Tailoring the Chirality of Microlaser with Topological Structured Chiral Droplets

TL;DR

This paper demonstrates a method to control the chirality of microlaser emission using topologically structured chiral liquid crystal droplets, enabling tunable chiral light sources for advanced photonic applications.

Contribution

It introduces a novel approach to manipulate laser chirality in microcavities through topological transformations in chiral droplets, supported by theoretical analysis and simulations.

Findings

Topological transformations induce different optical chirality strengths.

Lasing intensity varies significantly with circular polarization excitation.

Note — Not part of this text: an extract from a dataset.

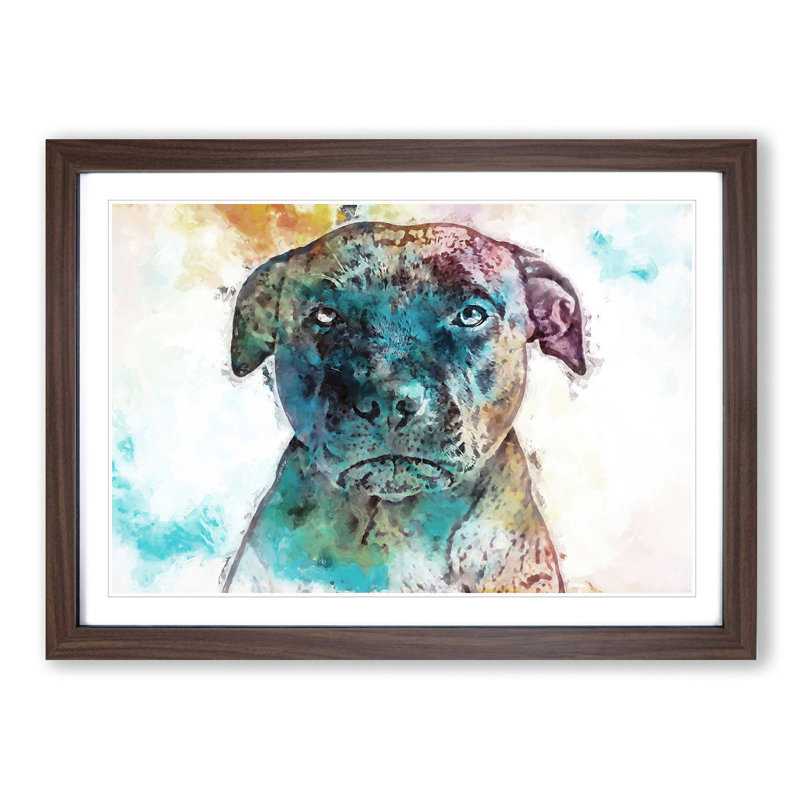 A Staffordshire Bull Terrier Dog in Abstract - Picture Frame Painting Print on MDF, 27cm H x 36cm W x 2cm D, Walnut Framed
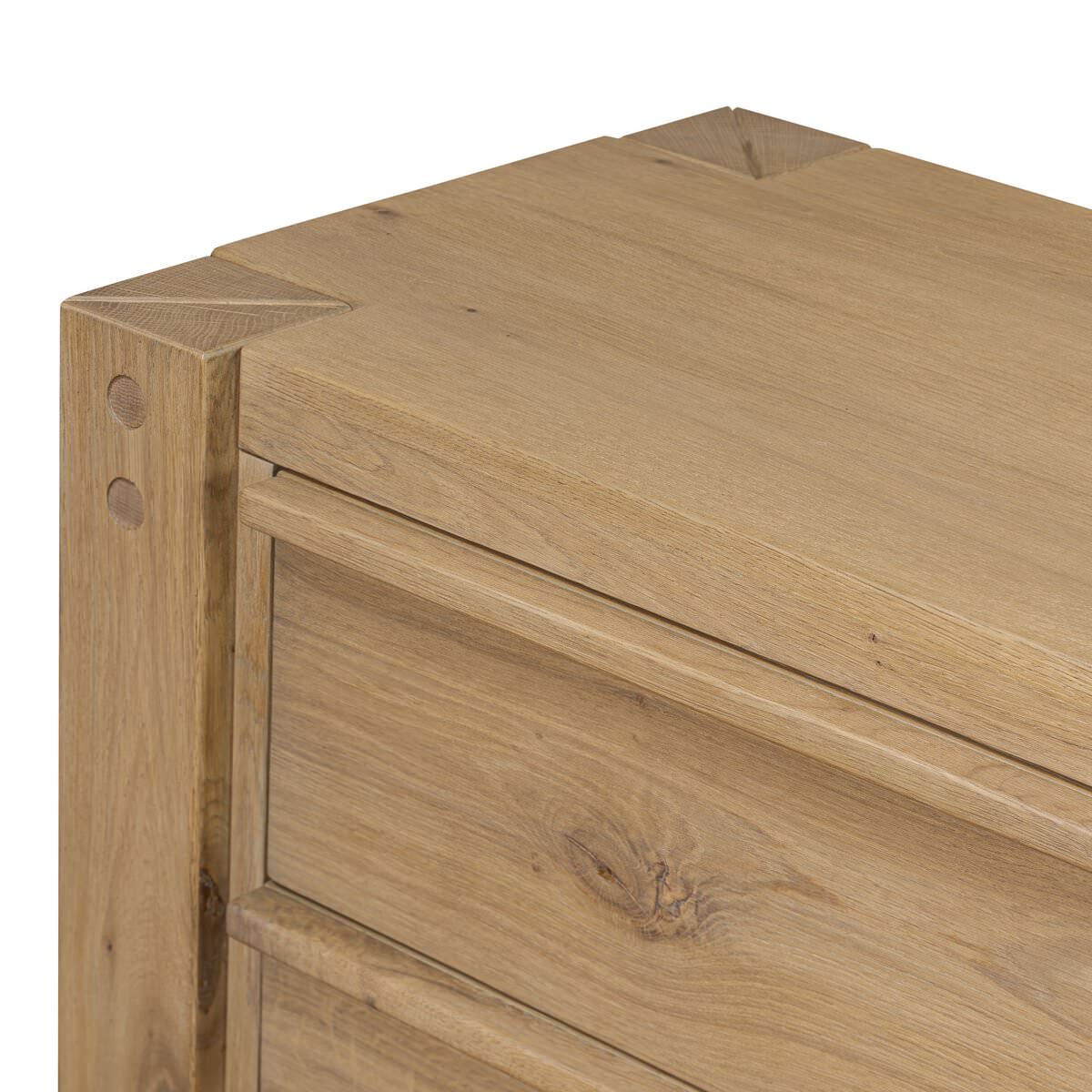 Close up of Four Hands Emmer 6 Drawer Dresser in Aged Smoked Oak Veneer on a white background at Addison West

The method offers a new tool for chiral photonics and molecular detection.

Abstract

The generation of chiral laser emission offers promising opportunities for modern photonic applications and the study of chiral light-mater interactions. Despite the great process made in recent years, the direct generation of chiral lasers with controllable chirality remains challenging in a microcavity. This study reports a strategy to control the emission chirality of whispering-gallery-mode organic microlasers with topological-structured chiral liquid crystal droplets. The findings suggest that the topological transformations in a microdroplet can induce different optical chirality strength and lasing polarization characteristics. In particular, the role of optical rotatory power was also investigated under linear and circular polarized excitation, where a vast lasing intensity difference between left/right circular polarized excitation was revealed. Theoretical analysis and simulation were carried out to support the significant findings. This study provides a facile tool for manipulating chiral laser emissions in microcavity, giving inspiration for topological-controlled photonics, chiral optical devices, and chiral molecular detection.